▶ [SUPPLIED DATA]
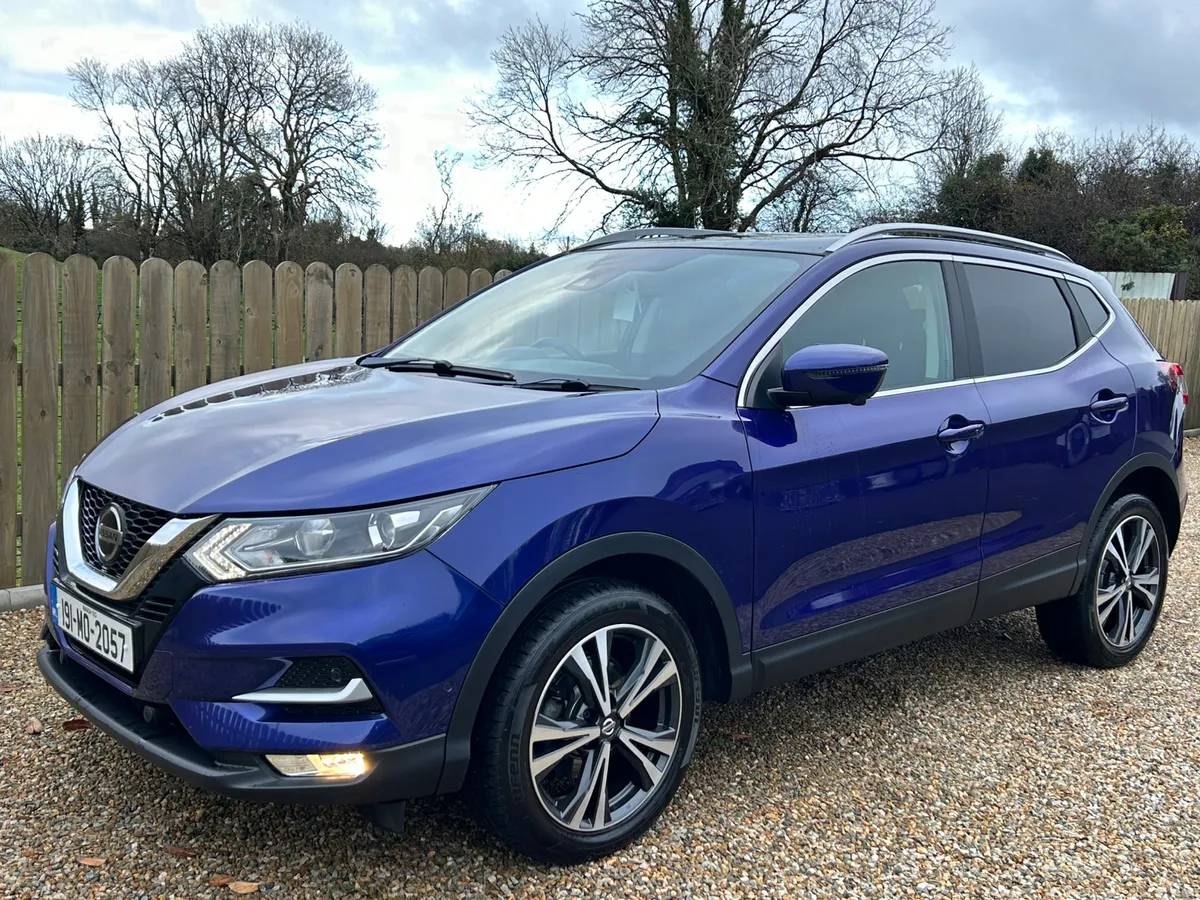 2019 Nissan Qashqai N-Connecta - Image 3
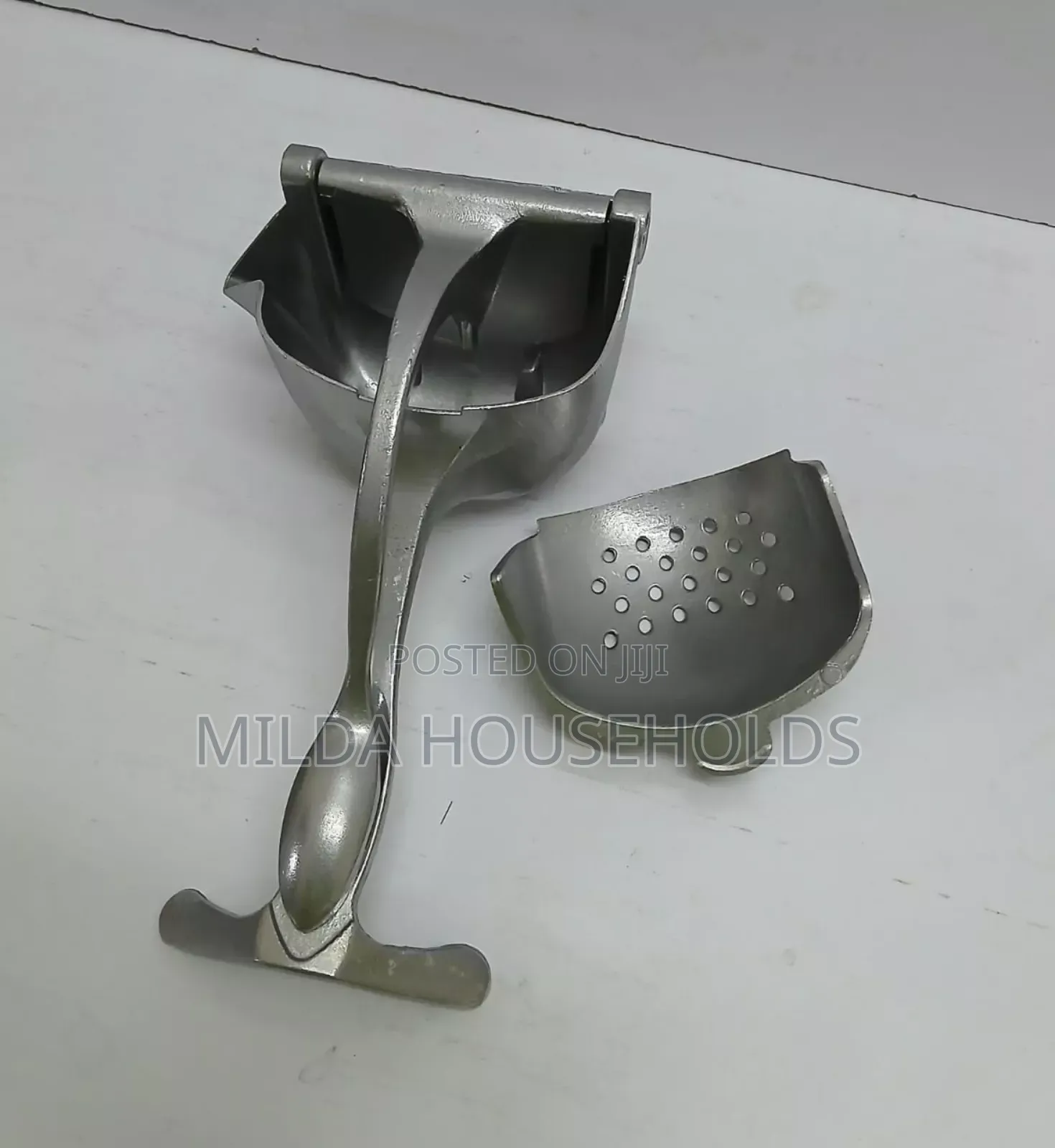 Heavy Manual Juicer Fruit Press Now Available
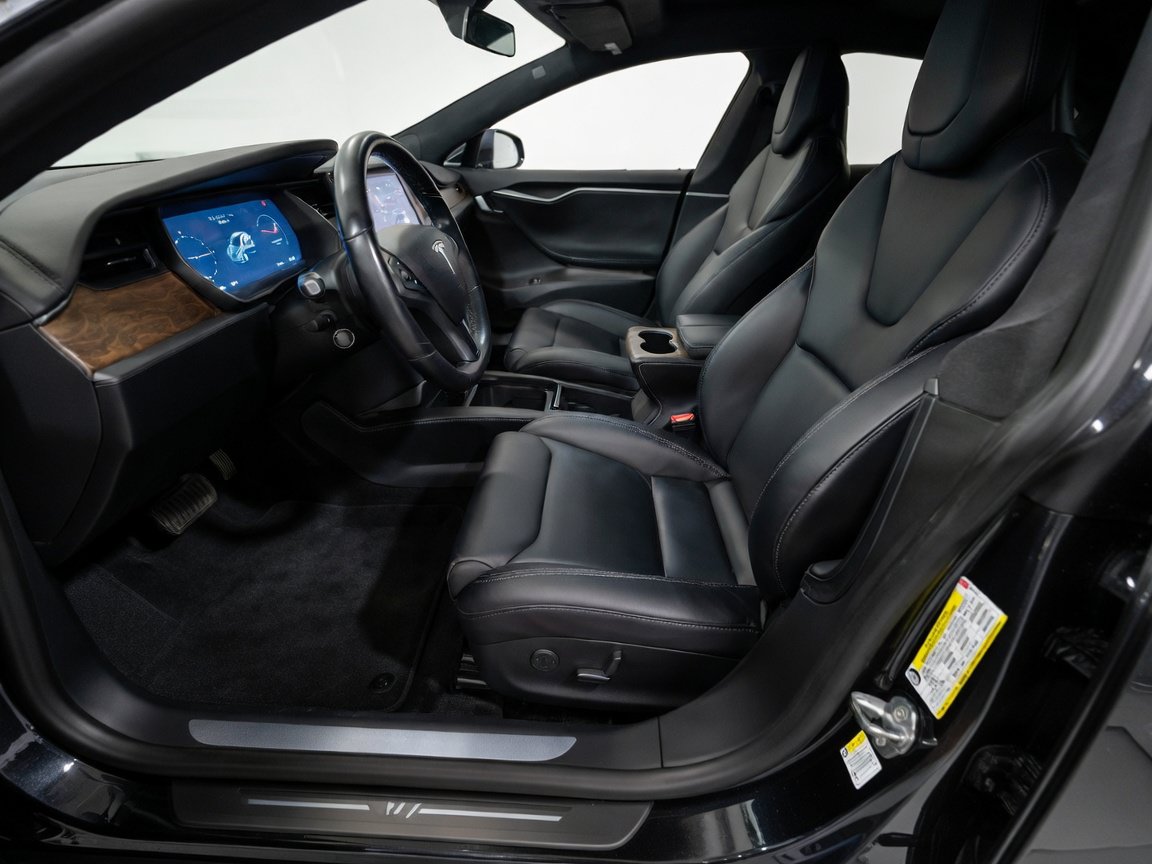 Used 2018 Tesla Model S 100D AWD/4WD image 15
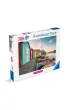 Puzzle 500 el. Przysta� dla �odzi w Smgen Ravensburger
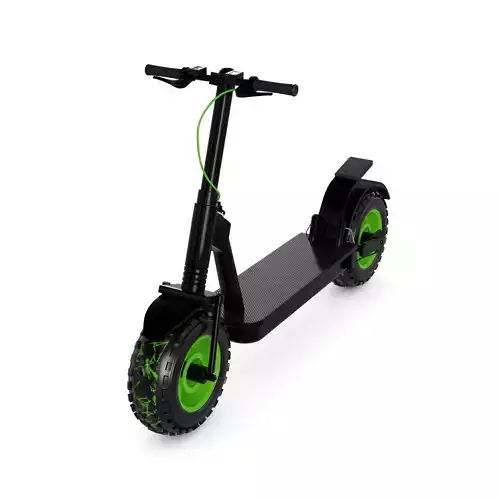 Off road Scooter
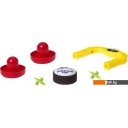 Аэрохоккей, настольный футбол, мини-бильярд Bondibon Улетный гол ВВ2656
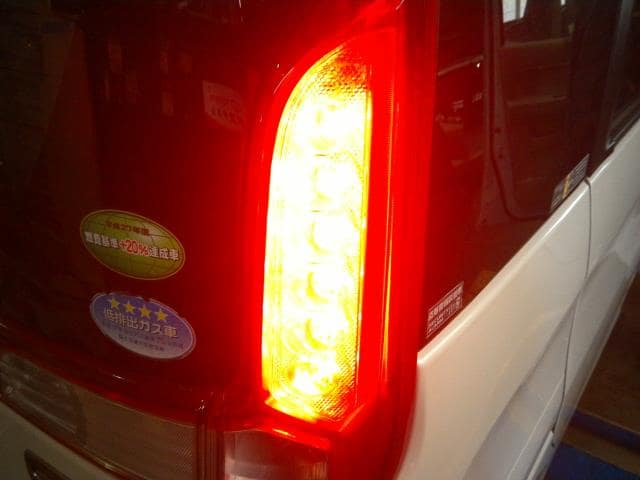 Right Tail Light SUZUKI Spacia 2013 DBA-MK32S 3565081M00 — photo 4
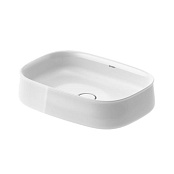 РАКОВИНА 55Х39 СМ DURAVIT ZENCHA, БЕЛЫЙ (2373550079)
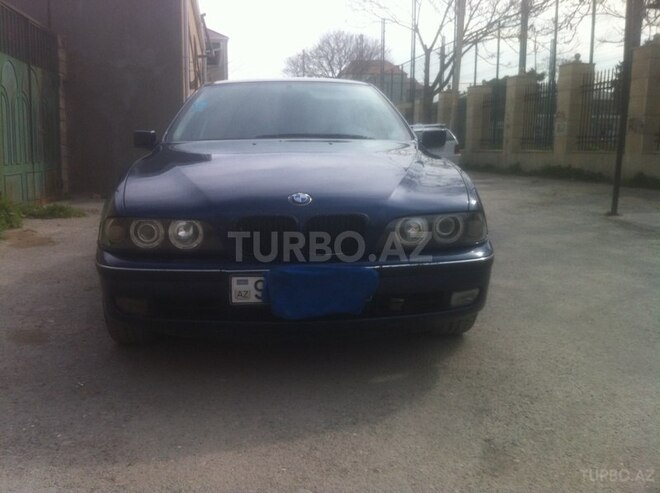 BMW 523 1997, 346,000 km - 2.5 л - Bakı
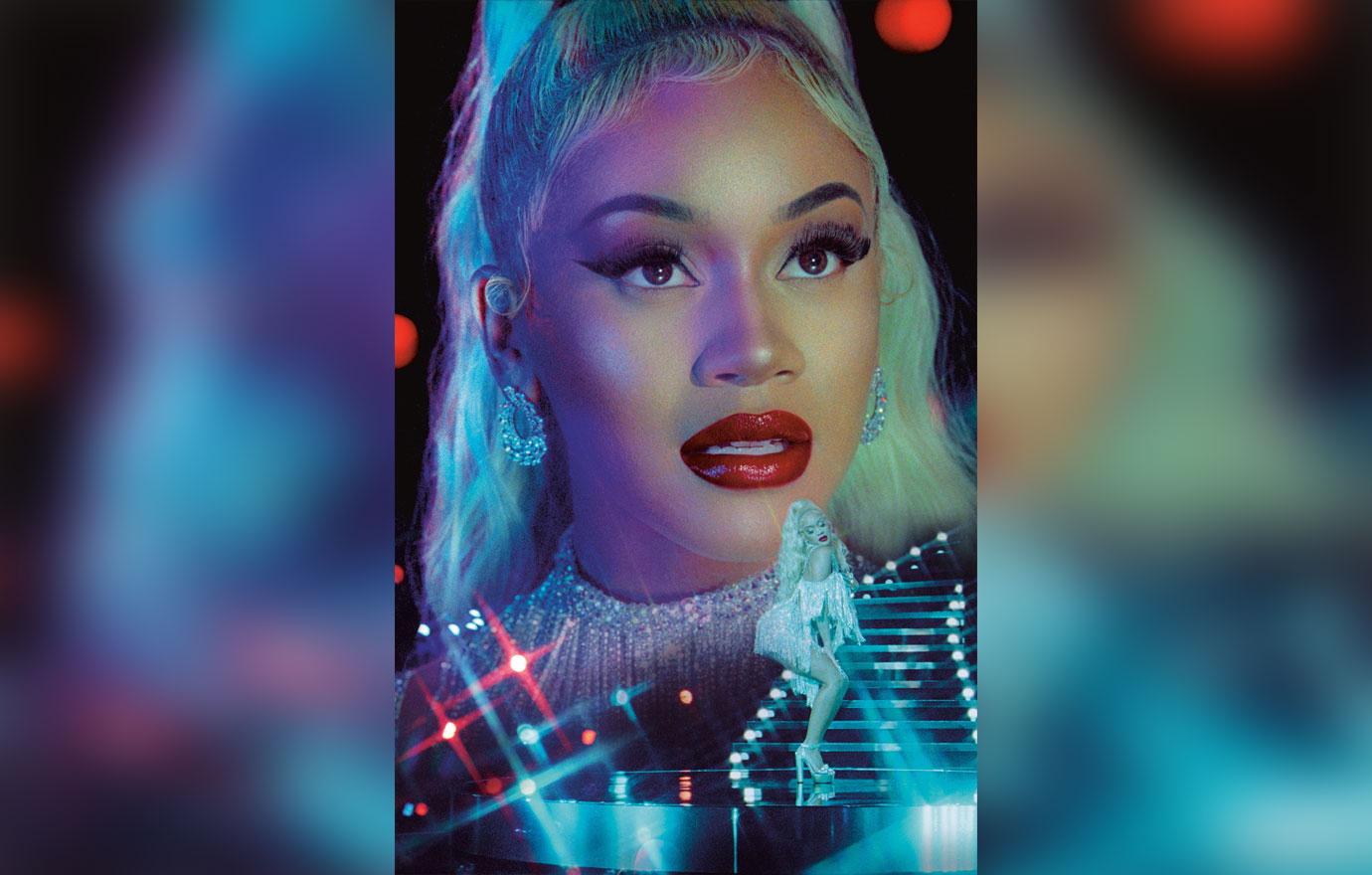 cher and saweetie star in mac cosmetics campaign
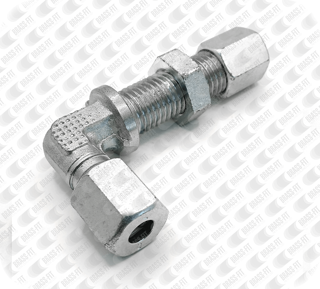 Picture of CLM79 6MM TUBE BULKHEAD ELBOW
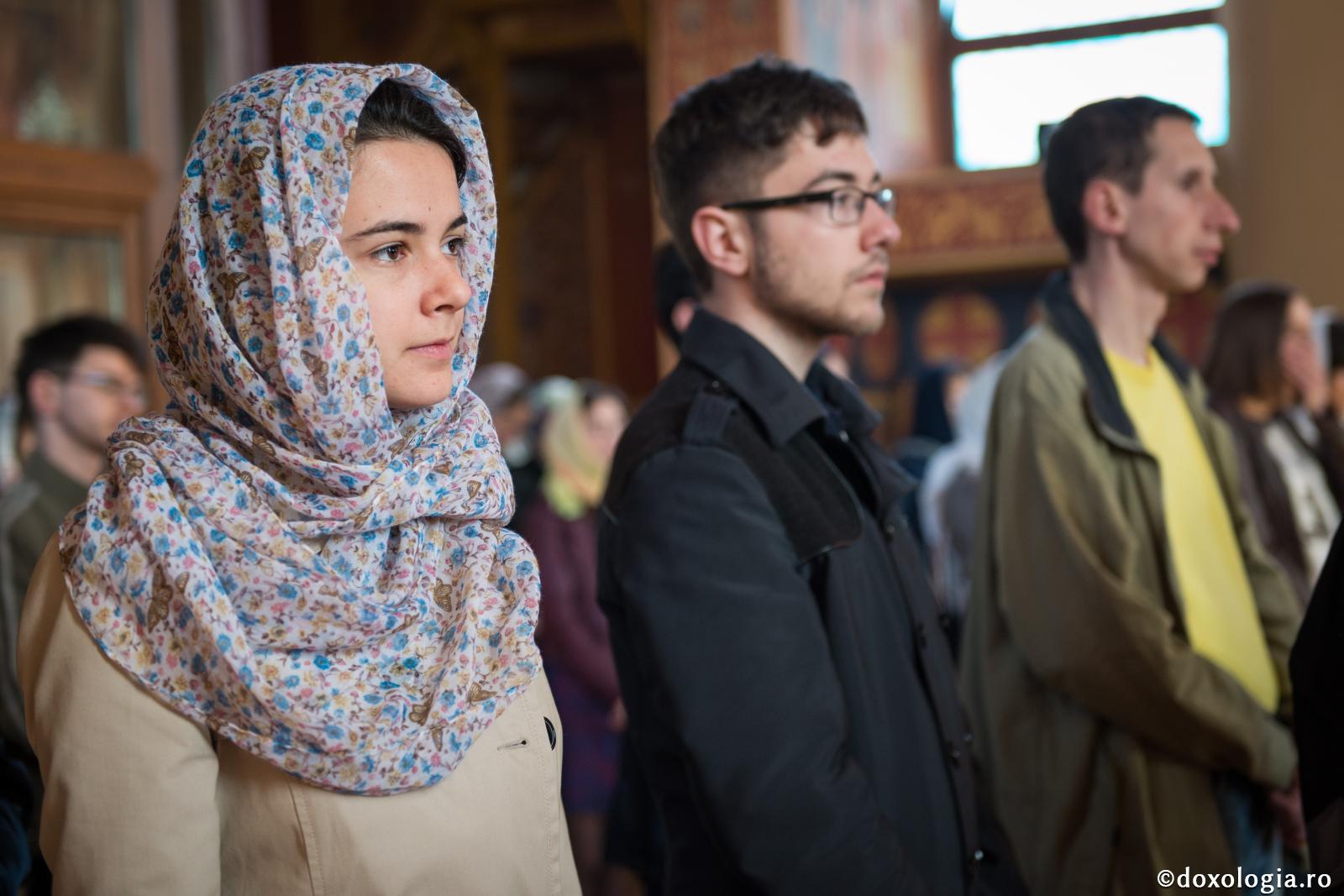 Bucuria de a simţi că facem parte din Biserică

▶ [WHAT TO WORK ON] Reproduce only the lines from the line that holds "cher and saweetie" through the end of the records, exactly as they stand, both ends included and pictures excluded.

▶ [RESPONSE AREA]
 cher and saweetie star in mac cosmetics campaign
 Picture of CLM79 6MM TUBE BULKHEAD ELBOW
 Bucuria de a simţi că facem parte din Biserică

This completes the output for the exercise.